[Short text fragments from websites]
· · ·
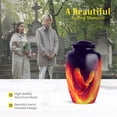 thumbnail image 3 of MUKTIVE Rising Phoenix Urns for Human Ashes Adult Man & Women, Set of 5 Combo Funeral Urns for Adult Ashes Men, Complete Set of Memorial Combo Urn for Mom and Dad (1 Large, 4 Keepsake), 3 of 7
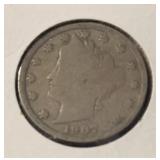 1907 LIBERTY V-NICKEL (GOOD-6)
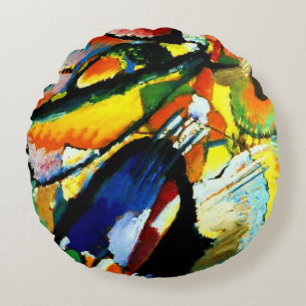 Kandinsky - Ein Engel des letzten Urteils Rundes Kissen
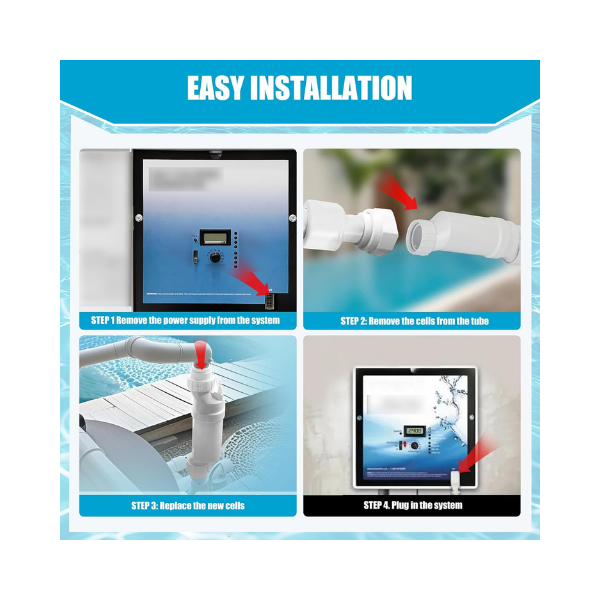 T-15 Salt Cell – Compatible with Hayward T-15-SWP Salt Cell, Replacement for Inground Pools Up to 40,000 Gallons, Upgraded Durable Titanium Plate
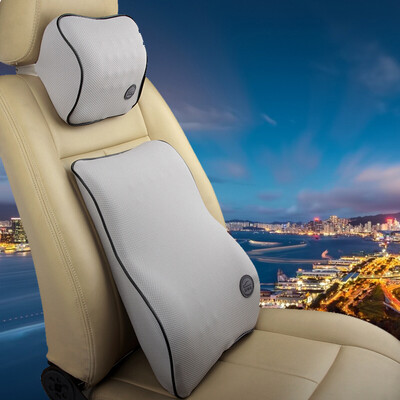 

Car home ICAROOM car headrest lumbar suit memory cotton car waist back cushion lumbar pillow car headrest neck pillow pillow ZTZY-003H gray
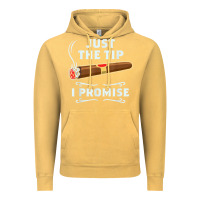 Vintage Mustard Just The Tip Cigar Smoker Gift Funny Cigar Smoking Vintage Hoodie - trangStudio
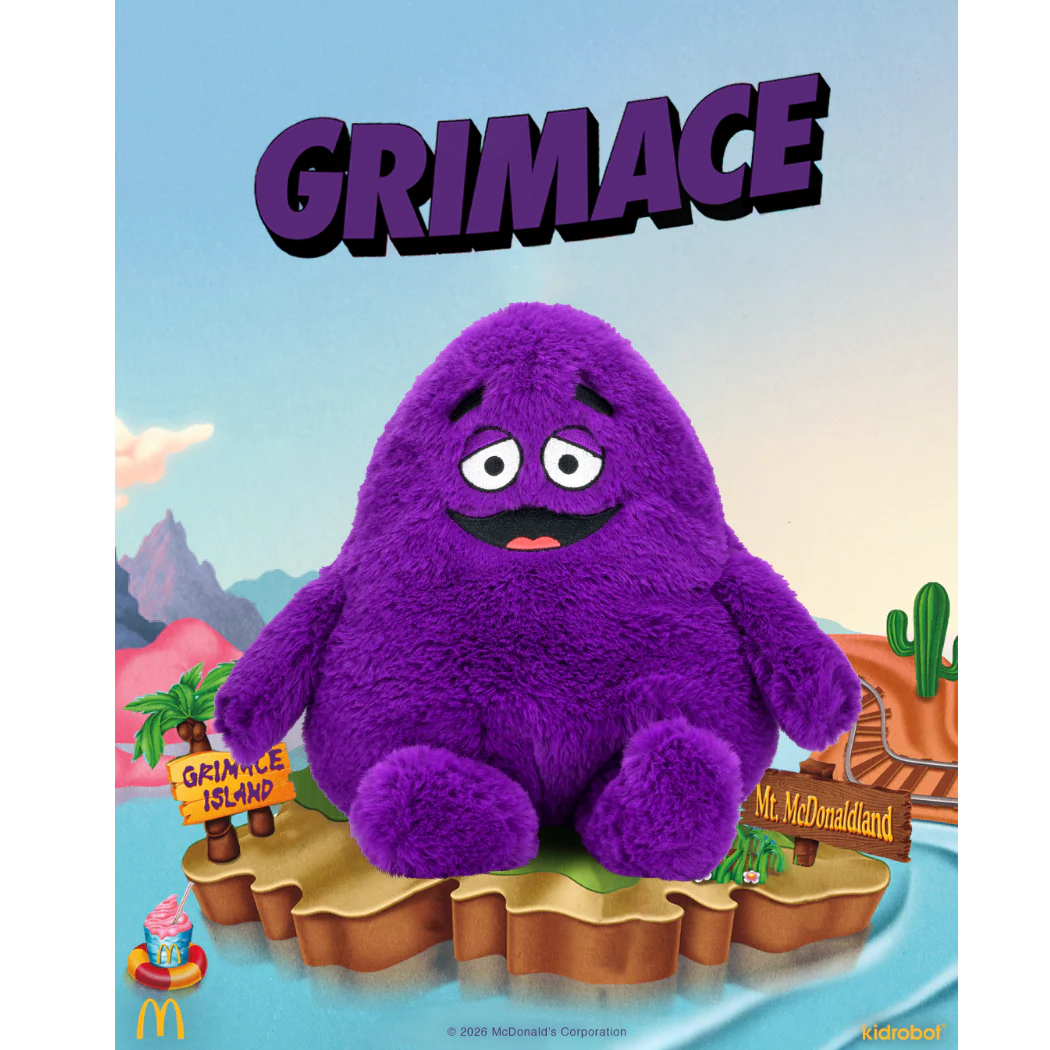 Kidrobot - McDonald's - Grimace Phunny Plush (Pre-Order Ships September 2026)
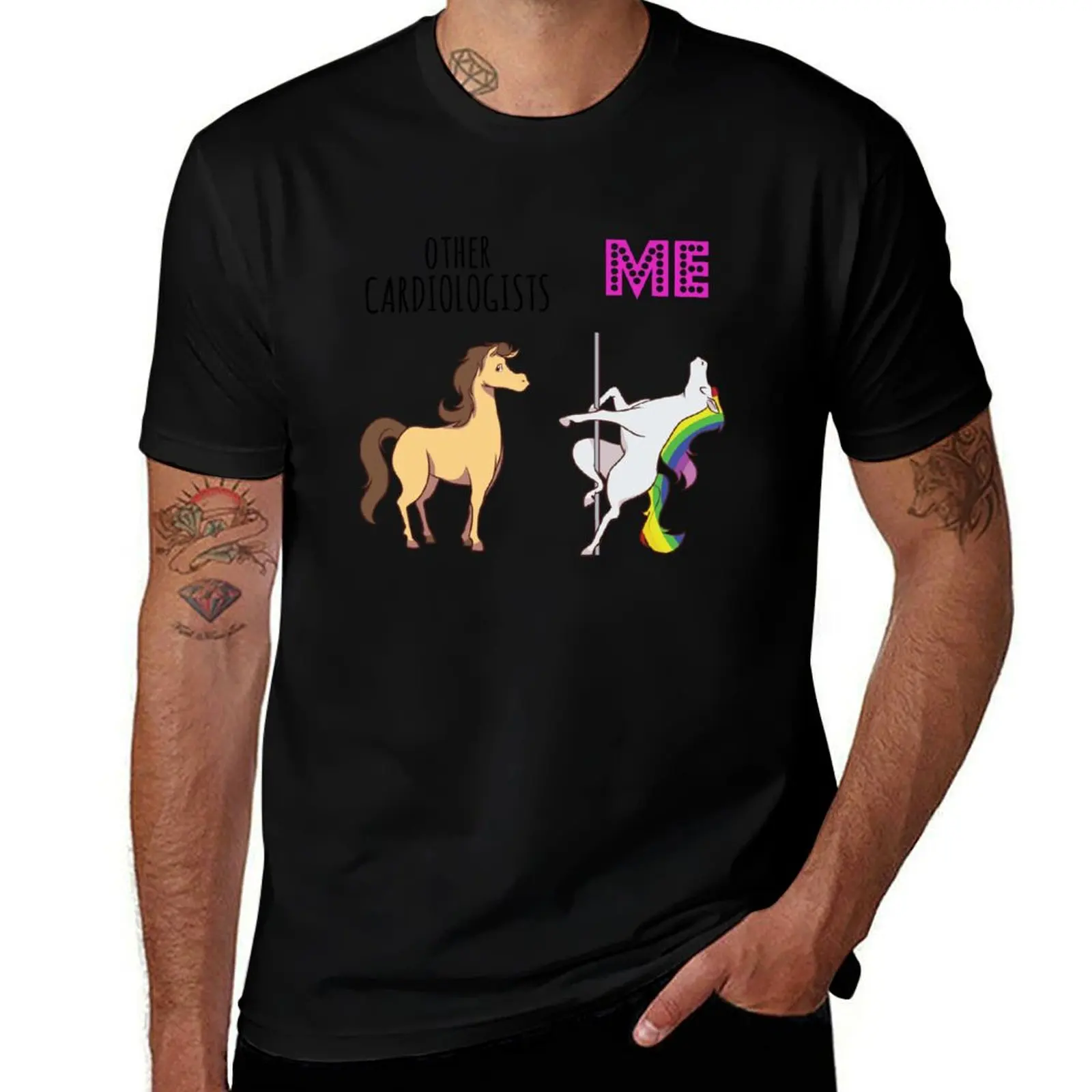 

other cardiologist Unicorn T-Shirt cotton t shirts man 100% man t shirt cotton t shirts for man graphic tees T-Shirt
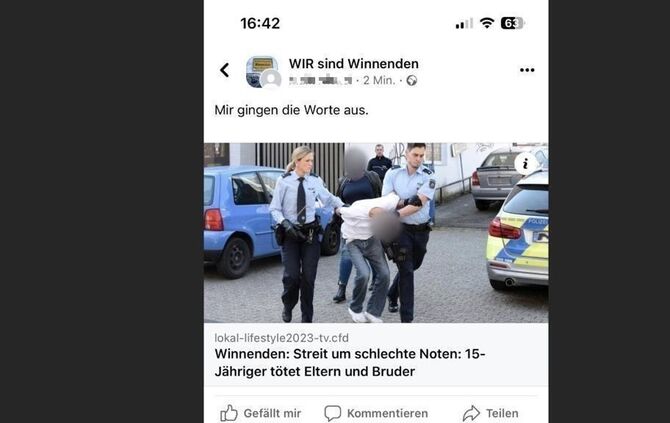 Winnenden Fake News Facebook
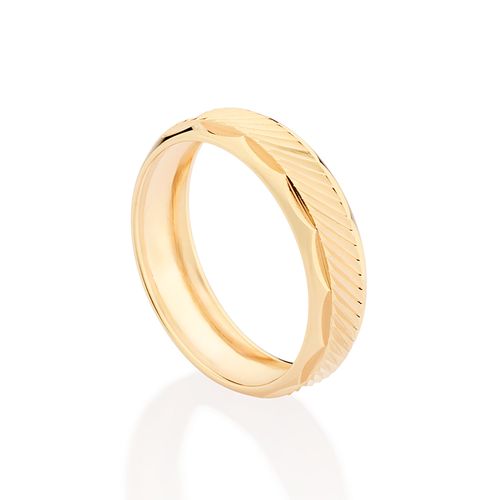 GOLD FINALE WEDDING BAND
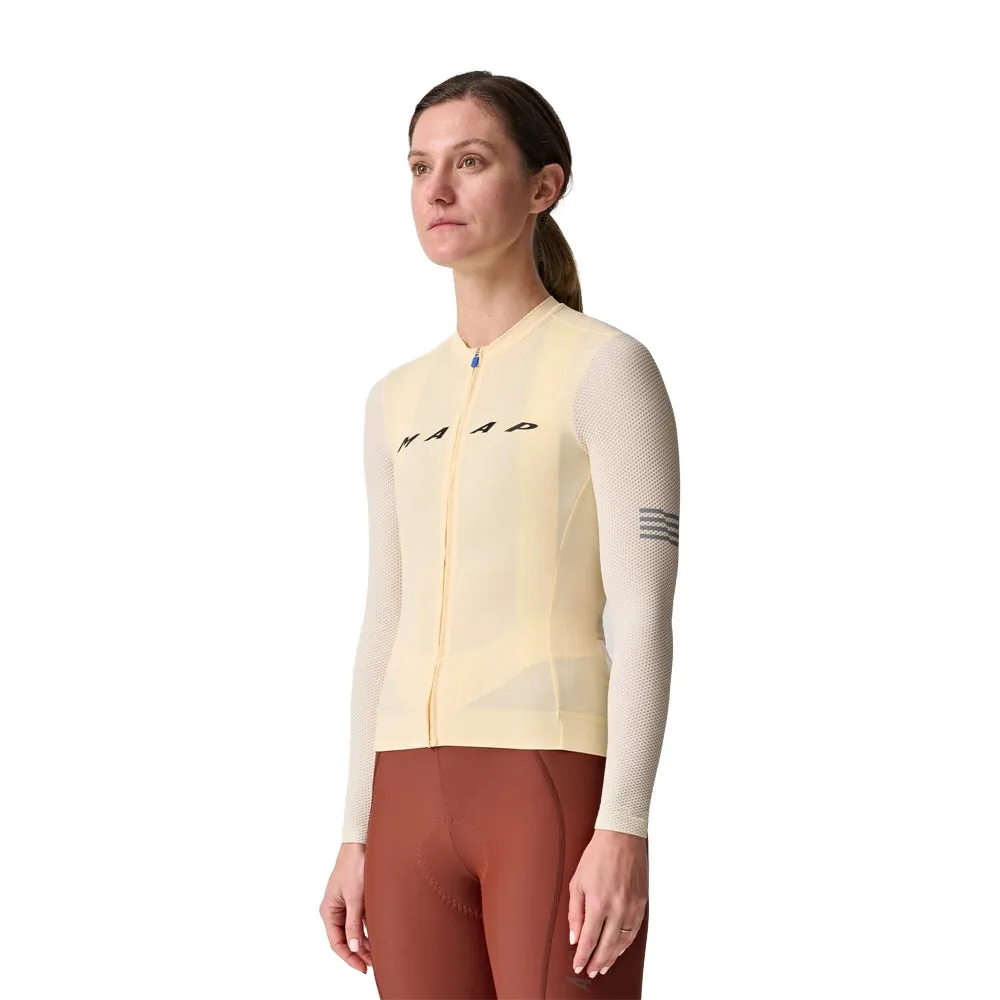 MAAP Evade Pro Base Women LS Jersey - Sandstone/Limestone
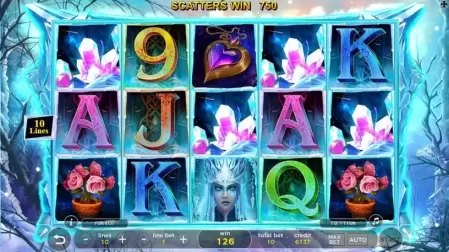 Frozen Diamonds slot screenshot 2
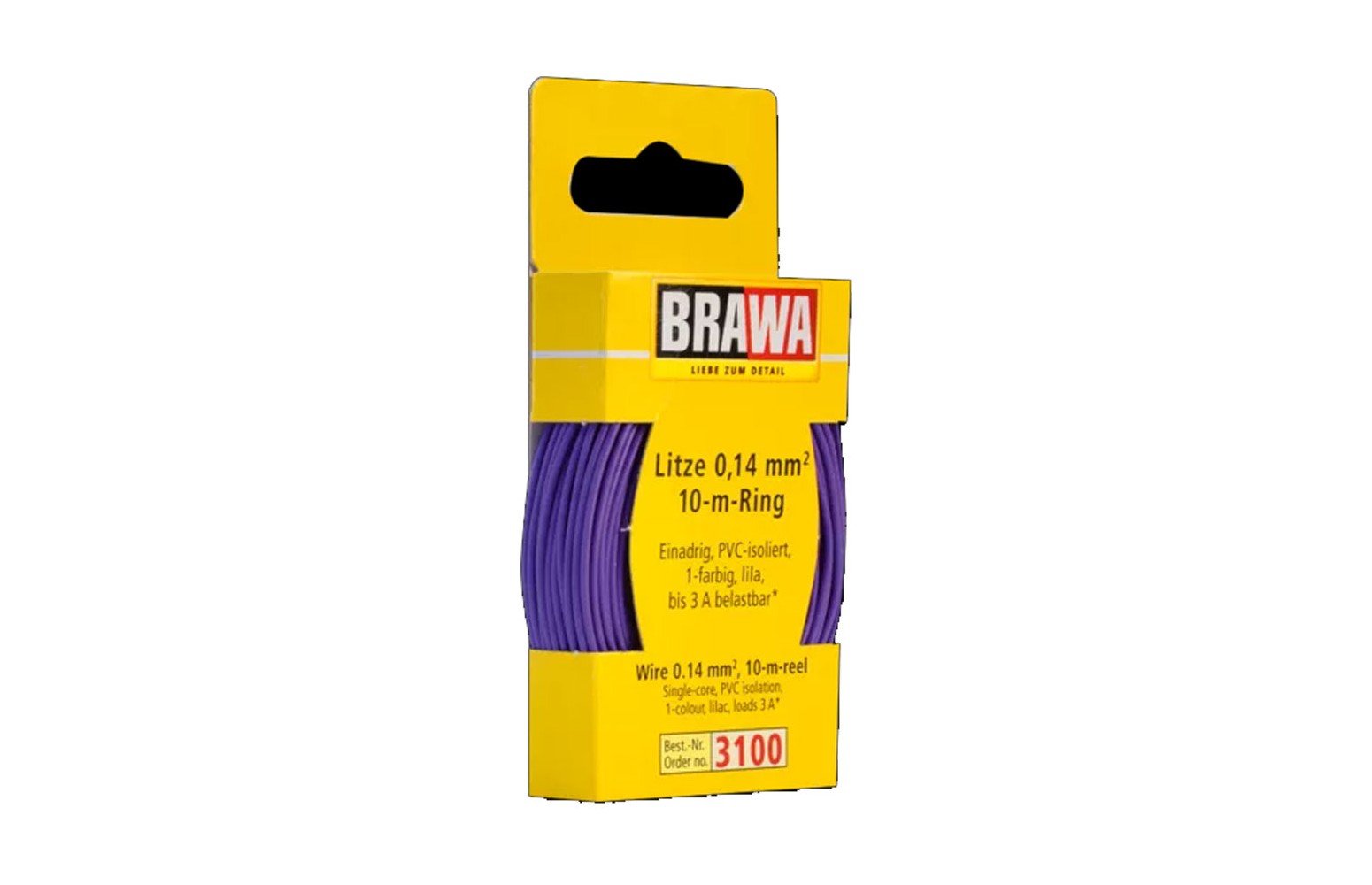 BRAWA 3100 - Cavo elettrico lilla (10mt./diametro 0,14mm2)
· · ·
**YOUR GOAL**
Reproduce the lines above letter for letter. The pictures stay behind.

**OUTPUT BELOW**
 thumbnail image 3 of MUKTIVE Rising Phoenix Urns for Human Ashes Adult Man & Women, Set of 5 Combo Funeral Urns for Adult Ashes Men, Complete Set of Memorial Combo Urn for Mom and Dad (1 Large, 4 Keepsake), 3 of 7
 1907 LIBERTY V-NICKEL (GOOD-6)
 Kandinsky - Ein Engel des letzten Urteils Rundes Kissen
 T-15 Salt Cell – Compatible with Hayward T-15-SWP Salt Cell, Replacement for Inground Pools Up to 40,000 Gallons, Upgraded Durable Titanium Plate

Car home ICAROOM car headrest lumbar suit memory cotton car waist back cushion lumbar pillow car headrest neck pillow pillow ZTZY-003H gray
 Vintage Mustard Just The Tip Cigar Smoker Gift Funny Cigar Smoking Vintage Hoodie - trangStudio
 Kidrobot - McDonald's - Grimace Phunny Plush (Pre-Order Ships September 2026)

other cardiologist Unicorn T-Shirt cotton t shirts man 100% man t shirt cotton t shirts for man graphic tees T-Shirt
 Winnenden Fake News Facebook
 GOLD FINALE WEDDING BAND
 MAAP Evade Pro Base Women LS Jersey - Sandstone/Limestone
 Frozen Diamonds slot screenshot 2
 BRAWA 3100 - Cavo elettrico lilla (10mt./diametro 0,14mm2)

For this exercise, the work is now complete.